QSPN_code

This is the code of our QSPN/M-QSPN model, corresponding to the paper: A Unified Model for Cardinality Estimation by Learning from Data and Queries via Sum-Product Networks. In this paper, we introduces QSPN, a unified model that integrates both data distribution and query workload. QSPN achieves high estimation ac- curacy by modeling data distribution using the simple yet effective Sum-Product Network (SPN) structure. To ensure low inference time and reduce storage overhead, QSPN further partitions columns based on query access patterns. We formalize QSPN as a tree-based structure that extends SPNs by introducing two new node types: QProduct and QSplit. This paper studies the research challenges of developing efficient algorithms for the offline construction and online computation of QSPN. We conduct extensive experiments to evaluate QSPN in both single-table and multi-table cardinality estimation settings. The experimental results have demonstrated that QSPN achieves superior and robust performance on the three key criteria, compared with state-of-the-art approaches.

Configuration

Step 1: Download this code and unzip it.

Step 2: Install dependencies of the environment qspn.

cd QSPN_code/
conda install -f environment.yml

In the following, all running should be at this directory 'QSPN_code/'.

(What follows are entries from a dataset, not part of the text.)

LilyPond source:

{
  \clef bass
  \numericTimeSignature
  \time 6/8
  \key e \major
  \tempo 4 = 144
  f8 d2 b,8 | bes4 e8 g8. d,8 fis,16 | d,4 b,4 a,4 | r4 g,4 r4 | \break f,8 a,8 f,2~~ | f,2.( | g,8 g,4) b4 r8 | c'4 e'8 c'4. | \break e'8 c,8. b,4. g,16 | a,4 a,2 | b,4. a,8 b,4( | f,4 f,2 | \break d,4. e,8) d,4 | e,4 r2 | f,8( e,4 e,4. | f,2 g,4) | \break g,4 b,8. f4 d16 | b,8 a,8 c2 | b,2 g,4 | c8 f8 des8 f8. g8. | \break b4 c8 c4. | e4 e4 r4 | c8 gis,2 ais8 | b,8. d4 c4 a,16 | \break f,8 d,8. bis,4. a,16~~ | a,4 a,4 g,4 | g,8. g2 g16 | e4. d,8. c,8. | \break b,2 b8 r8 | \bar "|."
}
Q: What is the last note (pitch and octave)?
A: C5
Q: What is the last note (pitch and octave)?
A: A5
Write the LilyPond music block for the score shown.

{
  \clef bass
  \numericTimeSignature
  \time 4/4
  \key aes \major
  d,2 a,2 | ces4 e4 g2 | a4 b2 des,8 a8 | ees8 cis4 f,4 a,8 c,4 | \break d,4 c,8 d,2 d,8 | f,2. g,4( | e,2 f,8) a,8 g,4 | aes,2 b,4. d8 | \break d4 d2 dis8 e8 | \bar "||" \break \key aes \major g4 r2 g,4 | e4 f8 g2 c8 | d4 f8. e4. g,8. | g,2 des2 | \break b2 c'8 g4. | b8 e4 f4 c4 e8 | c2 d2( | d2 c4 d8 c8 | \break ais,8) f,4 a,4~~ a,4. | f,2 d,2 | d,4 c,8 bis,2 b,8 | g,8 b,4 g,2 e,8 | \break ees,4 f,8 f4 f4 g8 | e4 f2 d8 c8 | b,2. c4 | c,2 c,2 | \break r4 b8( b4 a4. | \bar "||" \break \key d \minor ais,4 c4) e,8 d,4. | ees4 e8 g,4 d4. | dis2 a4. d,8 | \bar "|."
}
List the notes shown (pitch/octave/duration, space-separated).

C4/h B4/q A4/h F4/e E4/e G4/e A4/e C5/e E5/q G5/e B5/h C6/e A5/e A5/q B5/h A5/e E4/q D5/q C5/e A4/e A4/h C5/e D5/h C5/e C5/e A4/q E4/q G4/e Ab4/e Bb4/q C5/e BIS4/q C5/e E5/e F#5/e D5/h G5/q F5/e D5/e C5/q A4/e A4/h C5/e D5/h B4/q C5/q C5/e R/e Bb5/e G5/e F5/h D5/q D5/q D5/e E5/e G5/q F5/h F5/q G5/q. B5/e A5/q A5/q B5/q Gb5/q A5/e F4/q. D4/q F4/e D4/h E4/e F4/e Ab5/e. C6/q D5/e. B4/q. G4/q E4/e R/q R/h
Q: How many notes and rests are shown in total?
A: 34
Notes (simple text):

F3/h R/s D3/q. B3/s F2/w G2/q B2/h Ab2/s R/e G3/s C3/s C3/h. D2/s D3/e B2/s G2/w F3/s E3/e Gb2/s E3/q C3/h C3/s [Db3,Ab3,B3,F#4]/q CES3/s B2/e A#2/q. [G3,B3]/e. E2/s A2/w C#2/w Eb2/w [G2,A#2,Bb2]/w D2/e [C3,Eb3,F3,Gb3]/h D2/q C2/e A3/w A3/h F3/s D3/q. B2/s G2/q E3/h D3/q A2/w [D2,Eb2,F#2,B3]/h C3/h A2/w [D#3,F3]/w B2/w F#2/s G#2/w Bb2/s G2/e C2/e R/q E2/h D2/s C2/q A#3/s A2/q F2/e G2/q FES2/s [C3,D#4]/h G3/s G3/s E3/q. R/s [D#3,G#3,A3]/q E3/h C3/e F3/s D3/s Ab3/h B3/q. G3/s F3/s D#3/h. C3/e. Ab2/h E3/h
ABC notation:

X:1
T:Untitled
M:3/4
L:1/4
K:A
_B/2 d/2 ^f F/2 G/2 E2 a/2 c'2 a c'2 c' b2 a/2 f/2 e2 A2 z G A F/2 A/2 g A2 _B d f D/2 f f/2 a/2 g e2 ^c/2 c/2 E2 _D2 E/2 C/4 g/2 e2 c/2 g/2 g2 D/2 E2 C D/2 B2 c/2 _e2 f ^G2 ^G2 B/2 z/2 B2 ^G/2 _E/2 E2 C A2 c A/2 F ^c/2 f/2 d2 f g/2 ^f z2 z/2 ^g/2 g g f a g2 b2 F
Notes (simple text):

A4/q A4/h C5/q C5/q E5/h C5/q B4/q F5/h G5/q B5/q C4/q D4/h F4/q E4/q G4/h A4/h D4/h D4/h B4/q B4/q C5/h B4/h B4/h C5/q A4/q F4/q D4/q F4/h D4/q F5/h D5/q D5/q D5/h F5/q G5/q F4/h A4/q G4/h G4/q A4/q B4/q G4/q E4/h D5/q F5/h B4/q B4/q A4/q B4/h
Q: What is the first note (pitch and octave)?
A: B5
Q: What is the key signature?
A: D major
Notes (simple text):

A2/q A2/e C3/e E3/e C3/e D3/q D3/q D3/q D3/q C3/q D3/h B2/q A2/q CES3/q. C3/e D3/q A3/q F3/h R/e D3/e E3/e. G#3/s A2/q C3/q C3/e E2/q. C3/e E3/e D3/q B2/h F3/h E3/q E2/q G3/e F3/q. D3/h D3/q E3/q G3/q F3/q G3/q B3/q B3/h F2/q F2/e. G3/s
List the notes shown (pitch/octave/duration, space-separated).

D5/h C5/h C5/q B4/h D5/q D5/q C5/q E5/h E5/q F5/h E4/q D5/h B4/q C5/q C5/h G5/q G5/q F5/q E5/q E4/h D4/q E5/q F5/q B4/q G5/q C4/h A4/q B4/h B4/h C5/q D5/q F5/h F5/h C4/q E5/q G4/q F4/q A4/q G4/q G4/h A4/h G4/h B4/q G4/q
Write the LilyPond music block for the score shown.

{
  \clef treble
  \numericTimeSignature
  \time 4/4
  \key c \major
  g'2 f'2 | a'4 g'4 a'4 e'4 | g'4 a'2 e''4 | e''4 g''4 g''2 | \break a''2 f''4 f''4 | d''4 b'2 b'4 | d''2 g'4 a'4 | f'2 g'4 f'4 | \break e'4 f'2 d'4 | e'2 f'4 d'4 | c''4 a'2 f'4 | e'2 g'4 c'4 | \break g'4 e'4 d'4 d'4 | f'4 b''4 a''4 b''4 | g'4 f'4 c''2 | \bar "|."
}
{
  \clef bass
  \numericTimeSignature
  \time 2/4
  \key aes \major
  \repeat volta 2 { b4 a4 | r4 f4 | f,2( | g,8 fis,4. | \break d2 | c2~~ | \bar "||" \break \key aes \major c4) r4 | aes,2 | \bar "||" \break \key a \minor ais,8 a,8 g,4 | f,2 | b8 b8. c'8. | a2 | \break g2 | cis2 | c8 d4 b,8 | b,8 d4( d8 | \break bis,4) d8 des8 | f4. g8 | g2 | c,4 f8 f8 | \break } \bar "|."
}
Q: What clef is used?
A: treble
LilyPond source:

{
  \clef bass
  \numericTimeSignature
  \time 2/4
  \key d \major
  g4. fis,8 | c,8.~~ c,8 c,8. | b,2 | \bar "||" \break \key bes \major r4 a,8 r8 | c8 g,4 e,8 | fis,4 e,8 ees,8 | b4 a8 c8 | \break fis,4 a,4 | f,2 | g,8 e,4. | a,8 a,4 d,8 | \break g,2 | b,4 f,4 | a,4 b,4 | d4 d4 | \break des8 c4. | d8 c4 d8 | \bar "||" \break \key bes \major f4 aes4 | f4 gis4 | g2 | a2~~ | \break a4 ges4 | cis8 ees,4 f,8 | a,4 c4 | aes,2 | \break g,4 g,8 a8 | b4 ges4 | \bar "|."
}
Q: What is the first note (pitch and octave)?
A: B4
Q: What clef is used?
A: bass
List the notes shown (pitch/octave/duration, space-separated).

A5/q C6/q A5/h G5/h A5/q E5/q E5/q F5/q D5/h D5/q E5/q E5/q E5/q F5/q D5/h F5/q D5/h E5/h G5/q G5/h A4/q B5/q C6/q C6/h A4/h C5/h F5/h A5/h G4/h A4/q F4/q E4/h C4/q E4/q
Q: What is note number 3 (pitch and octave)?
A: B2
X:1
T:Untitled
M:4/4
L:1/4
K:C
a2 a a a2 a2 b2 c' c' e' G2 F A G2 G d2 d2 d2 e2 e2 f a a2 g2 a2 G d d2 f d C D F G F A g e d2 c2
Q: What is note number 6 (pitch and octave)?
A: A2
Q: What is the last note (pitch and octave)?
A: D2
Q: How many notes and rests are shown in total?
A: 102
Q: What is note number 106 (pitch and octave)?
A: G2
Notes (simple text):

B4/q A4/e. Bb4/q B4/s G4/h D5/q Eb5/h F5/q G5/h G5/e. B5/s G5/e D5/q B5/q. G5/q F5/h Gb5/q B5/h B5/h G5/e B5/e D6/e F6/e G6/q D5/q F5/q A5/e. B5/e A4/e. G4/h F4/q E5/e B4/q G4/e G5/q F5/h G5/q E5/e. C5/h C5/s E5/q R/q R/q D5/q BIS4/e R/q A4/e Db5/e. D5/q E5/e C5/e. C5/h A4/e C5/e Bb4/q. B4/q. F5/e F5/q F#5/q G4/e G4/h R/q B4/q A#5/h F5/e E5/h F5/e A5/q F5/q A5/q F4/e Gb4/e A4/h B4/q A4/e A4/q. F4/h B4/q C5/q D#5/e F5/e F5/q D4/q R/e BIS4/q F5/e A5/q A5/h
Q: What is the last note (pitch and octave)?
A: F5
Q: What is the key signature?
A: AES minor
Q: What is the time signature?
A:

Step 3: Downloading our experimental data.

Download file qspn_data_models.tar from OneDrive sharing link: https://1drv.ms/u/c/f9c0a1a8c6911768/EZhXKSN0fgVBizPkvw0Eeu0BNVAjk5OxrwoVerEp_ojylg?e=cErDPM and then decompress it:

tar -xf qspn_data_models.tar

There will be two new directories in 'QSPN_code/': 'data/' and 'models/' which store datasets, workloads and models of our QSPN/M-QSPN experiment.

Quick Start

QSPN Single-Table CardEst

We first show the commands of conducting the experiments in our paper.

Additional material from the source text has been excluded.